This page explains the partitions available to users and the accounting for each partition. The configuration of Snellius also allows users to use a node in a “shared” mode where they can use a subset of the resources of a full node, with implications for accounting.
This page assumes knowledge on partition usage and how to submit a job using SLURM. Please refer to the HPC user guide for a general introduction to these topics.
Snellius partitions
Compute nodes are grouped into partitions to allow the user to select different hardware to run their software on. Each partition includes a subset of nodes with a different type of hardware and a specific maximum wall time.
The partitions can be selected by users via the SLURM option:
#SBATCH --partition=<partition name>
#SBATCH -p <partition name>
The partitions available on Snellius are summarised in the table below. For details of the different hardware available on each node, please look at the Snellius hardware page.
The “Available memory per node” is the amount of memory available to users and what can be requested within a job. This value is smaller than the “Total memory” on the node, as it doesn't include the memory reserved for the OS and other system's processes.

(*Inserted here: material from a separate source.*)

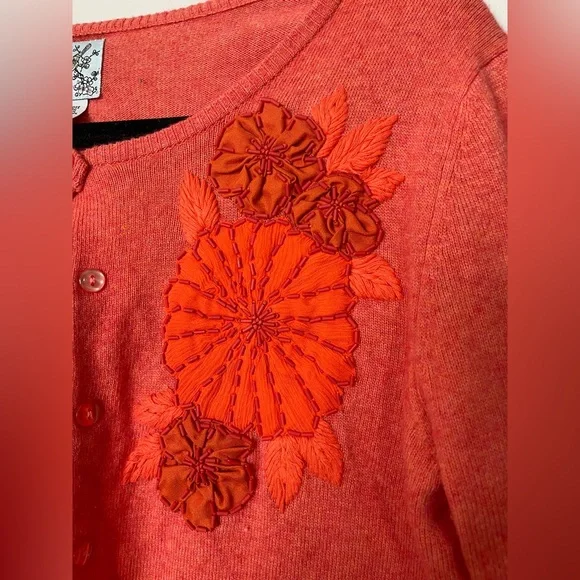 Tabitha Anthropologie lightweight cashmere wool cardi silk floral appliqué sz M - Picture 3 of 8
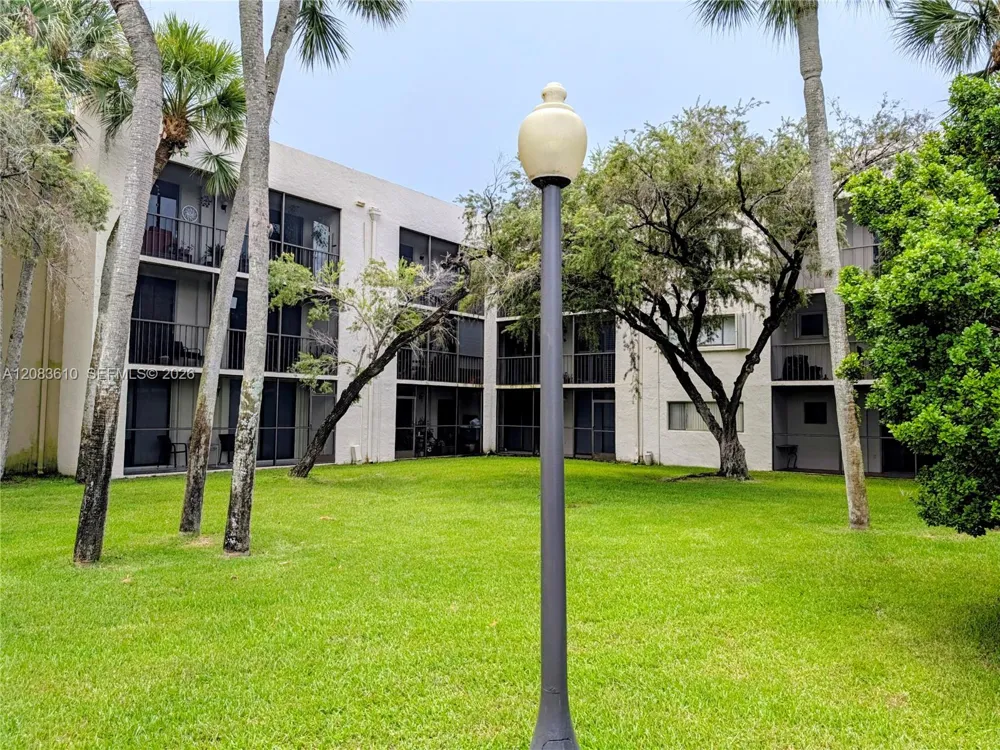 8075 SW 107th Ave #123 Miami, FL 33173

Partition name | Node type | # cores per node | Available memory per node | Smallest possible allocation | Max wall time | Notes |
---|---|---|---|---|---|---|
rome / thin | tcn (thin compute node, AMD Rome CPU) | 128 | 224 GiB | 1/8 node: 16 cores + | 120 h (5 days) | The “thin” and “rome” partitions are currently aliases for the same set of nodes, this might change in the near future. |
genoa | tcn (thin compute node, AMD Genoa CPU) | 192 | 336 GiB | 1/8 node: 24 cores + | 120 h (5 days) | |
fat_rome | fcn (fat compute node, Rome) | 128 | 960 GiB | 1/8 node: 16 cores + | 120 h (5 days) | Access only through NWO Large Compute applications or Small Compute applications. Please contact the service desk for more information. |
fat_genoa | fcn (fat compute node, Genoa) | 192 | 1440 GiB | 1/8 node: 24 cores + | 120 h (5 days) | Access only through NWO Large Compute applications or Small Compute applications. Please contact the service desk for more information. |
himem_4tb | hcn, PH.hcn4T (High memory node 4 TiB) | 128 | 3840 GiB | 1/8 node: 16 cores + | 120 h (5 days) | Access only through NWO Large Compute applications or Small Compute applications. Please contact the service desk for more information. |
himem_8tb | hcn, PH.hcn8T (High memory node 8TiB) | 128 | 7680 GiB | 1/8 node: 16 cores + | 120 h (5 days) | Access only through NWO Large Compute applications or Small Compute applications. Please contact the service desk for more information. |
gpu_a100 / gpu | gcn | 72 | 480 GiB | 1/4 node: 18 cores + 1 GPU + | 120 h (5 days) | NVIDIA A100 GPUs
|
gpu_h100 | gcn | 64 | 720 GiB | 1/4 node: | 120 h (5 days) | NVIDIA H100 GPUs, 94GiB per GPU AMD 4th GEN EPYC CPUs |
gpu_mig | gcn (MIG) | 72 | 480 GiB | 1/8 node: 9 cores + 1 GPU (MIG) + | 120 h (5 days) | Multi-Instance GPU (MIG) is NVIDIA technology that allows partitioning a single GPU into multiple instances, each fully isolated with its own high-bandwidth memory, cache, and compute cores. On Snellius, GPU (MIG) are partitioned into 2 independent instances, for a total of 8 GPU (MIG) per node. |
gpu_vis | gcn | 72 | 480 GiB | 1/4 node: 18 cores + 1 GPU + | 24h (1 day) | The nodes in this partition are meant for (interactive) data visualization usage only, not for GPU compute. Access is restricted by default. Please contact the service desk to request access to this partition for visualization purposes. |
staging | srv | 16 (32 threads with SMT) | 224 GiB | 1 thread + | 120 h (5 days) | SMT is activated on the srv nodes, enabling up to 32 threads per node (2 threads/core). |
Short jobs (at most 1 hour walltime)
Whenever you submit a job that uses at most 1 hour walltime to the “thin”, “fat” or “gpu” partitions, SLURM will schedule the job on a node that is only available for such short jobs. This effectively reduces the wait time for short jobs compared to longer jobs, which is useful for testing the setup and correctness of your jobs before submitting long-running production runs.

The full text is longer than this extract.